Right, yes exactly. Thank you so much for your reply and apologies for my late acknowledgement!

edited Aug 13Great article - really well written and clear! Also really enjoyed some of the other articles like DoRA.

I am currently writing a Medium article and would like to link this article as a great follow up resource. Would you mind if I used one of your great self-attention visualisations (with proper attribution)?

Glad you found it useful! And yes, I am happy to give permission to reshare the figures given that they include a notice about the source below each figure. For instance: "Image Source: Sebastian Raschka, https://magazine.sebastianraschka.com/p/understanding-and-coding-self-attention"

Great thank you! Cited it as you recommended https://medium.com/p/bb9b071e2238#b0ab-eedf54532079

Very Nice instruction!

Thanks!

Great Article. I was looking to broaden my understanding on self attention and I'm glad I stumbled on this.

Thanks a lot for this article! It cleared many concepts that I have been struggling in for a long time.

"The masked_fill method then replaces all the elements on and above the diagonal via positive mask values (1s) with -torch.inf, with the results being shown below."

Since you added the argument, it should be *above*, not *on and above*

Thank you for the note!

Absolutely right.
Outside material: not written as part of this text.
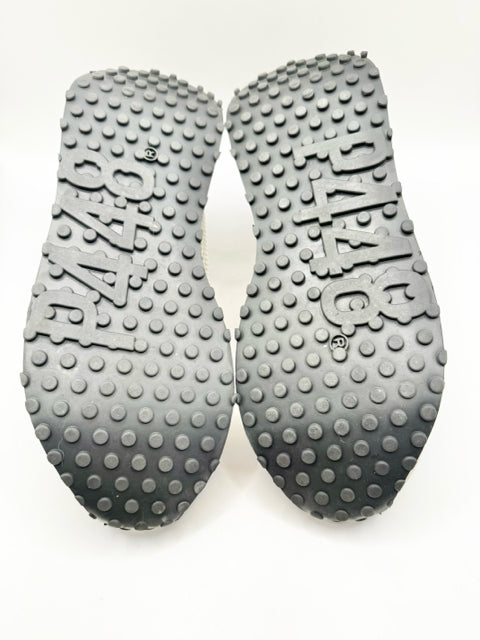 Shoe Size 39 P448 Black Sneakers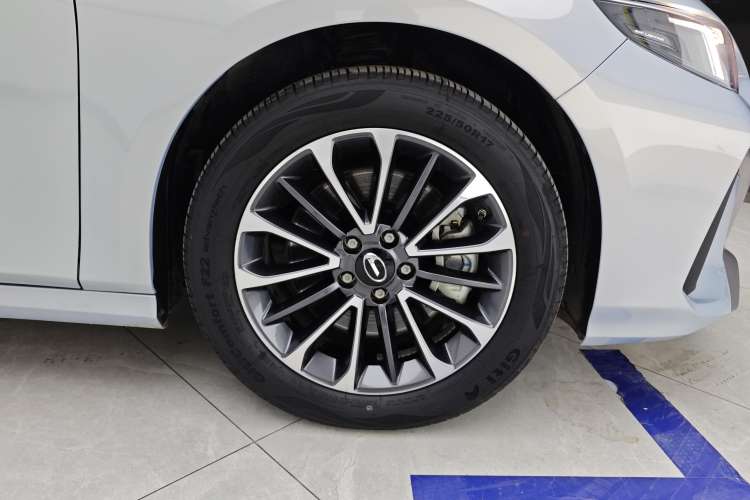 Used GAC Trumpchi EMPOW 2023 Shadow Leopard H High-Energy Hybrid Edition Left Front Wheel Hub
Good catch. I removed the "on".

I was wondering how backpropagation works with an encoder-decoder transformer? For example, is it necessary to define two optimisers, one for the encoder and one for the decoder? What are the target values of the encoder network when the parameters need to be trained? To summarise: Would backpropagation for training the transformer also have to be performed for the encoder network or only for the decoder network, and if so, how?
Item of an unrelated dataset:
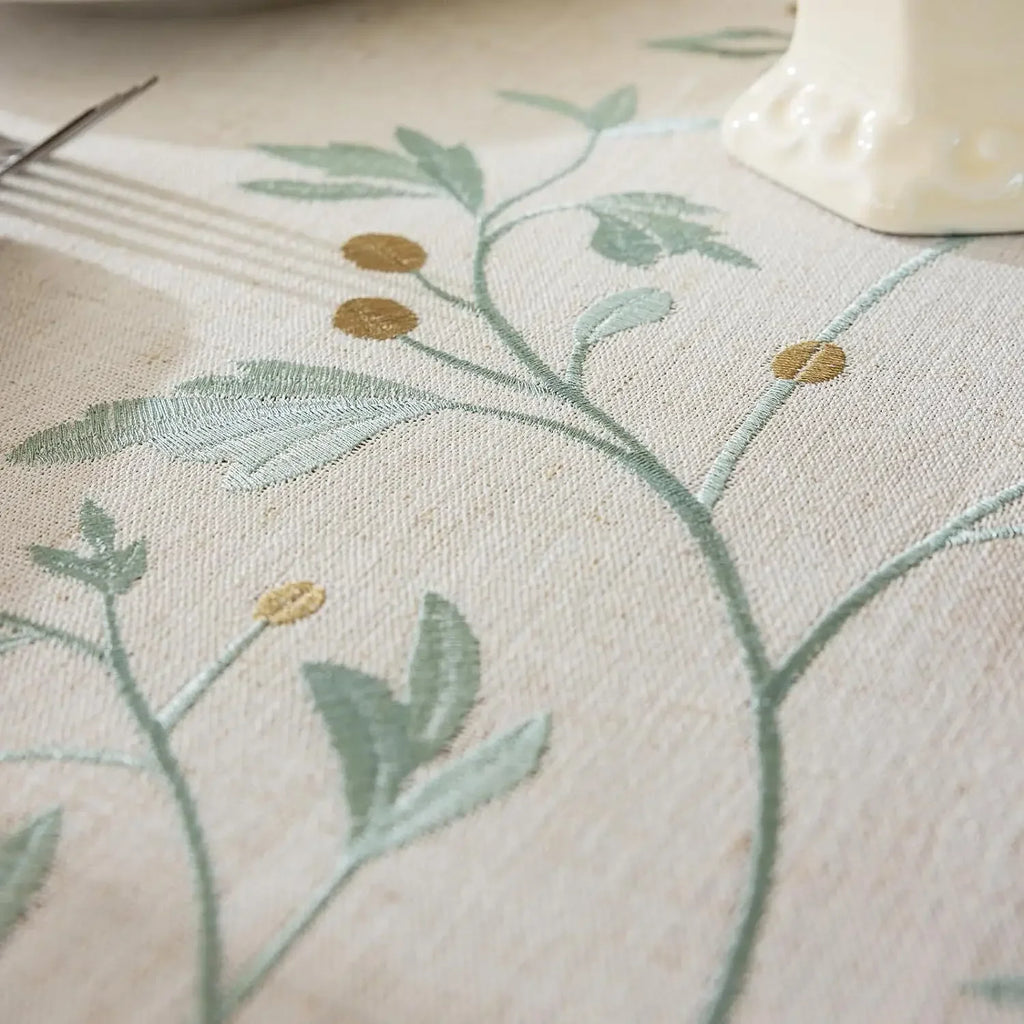 Nappe ronde brodée en coton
edited Jan 21Good question. In contrast to a GAN, you actually only need one optimizer. The reason is that the encoder and decoder are both part of the same architecture. I.e., the encoder output feeds into the decoder. Instead of thinking of it as two different independent neural networks, it perhaps helps to think of them just as layers.

In PyTorch, the overall structure could look like as follows:

EDIT: Code formatting doesn't seem to be supported in the comments, so let me add a link: https://gist.github.com/rasbt/4c32fac33a6641b1fb608718e2a51500

Well explained!

edited Jan 16Well written article. The concept of Queries, Keys and, Values, is finally clear to me.
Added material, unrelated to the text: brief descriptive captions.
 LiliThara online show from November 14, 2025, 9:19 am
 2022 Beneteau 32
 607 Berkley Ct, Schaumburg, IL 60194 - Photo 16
In the diagram "Computing the normalized attention weights α", did you mean

α_2 = softmax(omega_2 / sqrt(d_k))

instead of

α_{2,i} = softmax(omega_{2,i} / sqrt(d_k))?

Since omega_{2,i} / sqrt(d_k) is a scalar whereas softmax operates on vectors.

Good call, the "i" shouldn't be there. Just updated it. Thanks!

edited Jan 15there is one more minor typo, a duplicated capital i that needs to be removed in the text:

"IIn this article, ..." -> "In this article, ..."

edited Jan 14Hi Sebastian,

Thanks for the great article.

I've implemented the original Transformer architecture a couple of times already and every time I learn something new.

Just a quick note:

I think mask = torch.triu(torch.ones(block_size, block_size)) should be mask = torch.triu(torch.ones(block_size, block_size), diagonal=1), otherwise the values on the diagonal get masked as well.

Has been fixed, someone else reported that issue as well, see above in the comments

Hi. Thank you for your great article.

I think there is a typo in the last (and the most general) code of self attention.

Where you wanted to scale dot products, you divided the not scaled matrix by d_kq instead of d_v.

Am i right?

Thanks for the comment. As far as I know (e.g., based on the original transformer paper, "Attention Is All You Need", https://arxiv.org/pdf/1706.03762), the division by `d_kq` should be correct. I.e., see Eq (1) on page 4 in the paper.

I am curious why you think otherwise (did I have a misleading sentence elsewhere in the text)?

No, sorry, It was my mistake!

Actually, in the text, you mentioned "dk" ... but inside the code, you wrote "dkq", since the latter has two letters, I thought it was wrong! ( I know that dk = dq, at that time, my inference was that in the text you have written only "dv" and "dkq". I forgot that you also wrote "dk" and "dq" separately).